Jamaican activist Marcus Garvey, promoter of the Back-to-Africa movement and founder of the Universal Negro Improvement Association (UNIA), denounced Du Bois's efforts to achieve equality through integration, and instead endorsed racial separatism. Du Bois initially supported the concept of Garvey's Black Star Line, a shipping company that was intended to facilitate commerce within the African diaspora. But Du Bois later became concerned that Garvey was threatening the NAACP's efforts, leading Du Bois to describe him as fraudulent and reckless. Responding to Garvey's slogan "Africa for the Africans", Du Bois said that he supported that concept, but denounced Garvey's intention that Africa be ruled by African Americans.

Du Bois wrote a series of articles in The Crisis between 1922 and 1924 attacking Garvey's movement, calling him the "most dangerous enemy of the Negro race in America and the world." Du Bois and Garvey never made a serious attempt to collaborate, and their dispute was partly rooted in the desire of their respective organizations (NAACP and UNIA) to capture a larger portion of the available philanthropic funding.

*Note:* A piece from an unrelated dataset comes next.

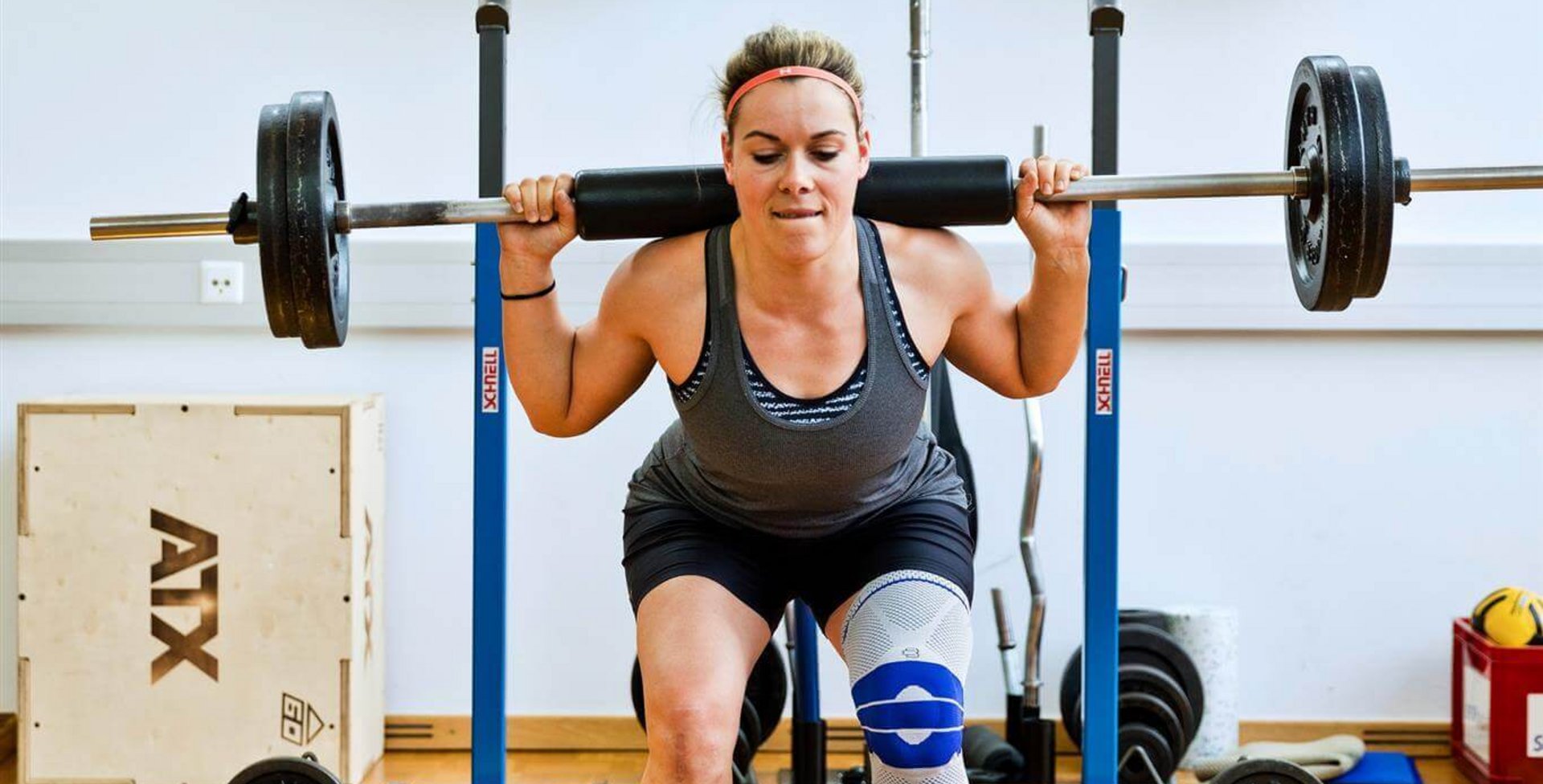 Andrea Limbacher stemmt Gewichte in einem Fitnessstudio. Sie trägt eine Bauerfeind GenuTrain Kniebandage am linken Knie, welche das Knie entlastet, stabilisiert und aktiviert.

Du Bois decried Harvard's decision to ban blacks from its dormitories in 1921 as an instance of a broad effort in the U.S. to renew "the Anglo-Saxon cult; the worship of the Nordic totem, the disfranchisement of Negro, Jew, Irishman, Italian, Hungarian, Asiatic and South Sea Islander – the world rule of Nordic white through brute force." When Du Bois sailed for Europe in 1923 for the third Pan-African Congress, the circulation of The Crisis had declined to 60,000 from its World War I high of 100,000, but it remained the preeminent periodical of the civil rights movement. President Calvin Coolidge designated Du Bois an "Envoy Extraordinary" to Liberia and – after the third congress concluded – Du Bois rode a German freighter from the Canary Islands to Africa, visiting Liberia, Sierra Leone, and Senegal.

===Harlem Renaissance===
Du Bois frequently promoted African-American artistic creativity in his writings, and when the Harlem Renaissance emerged in the mid-1920s, his article "A Negro Art Renaissance" celebrated the end of the long hiatus of blacks from creative endeavors. His enthusiasm for the Harlem Renaissance waned as he came to believe that many whites visited Harlem for voyeurism, not for genuine appreciation of black art. Du Bois insisted that artists recognize their moral responsibilities, writing that "a black artist is first of all a black artist." He was also concerned that black artists were not using their art to promote black causes, saying "I do not care a damn for any art that is not used for propaganda." By the end of 1926, he stopped employing The Crisis to support the arts.

===Debate with Lothrop Stoddard===
In 1929, a debate organized by the Chicago Forum Council billed as "One of the greatest debates ever held" was held between Du Bois and Lothrop Stoddard, a member of the Ku Klux Klan, proponent of eugenics and so-called scientific racism. The debate was held in Chicago and Du Bois was arguing the affirmative to the question "Shall the Negro be encouraged to seek cultural equality? Has the Negro the same intellectual possibilities as other races?"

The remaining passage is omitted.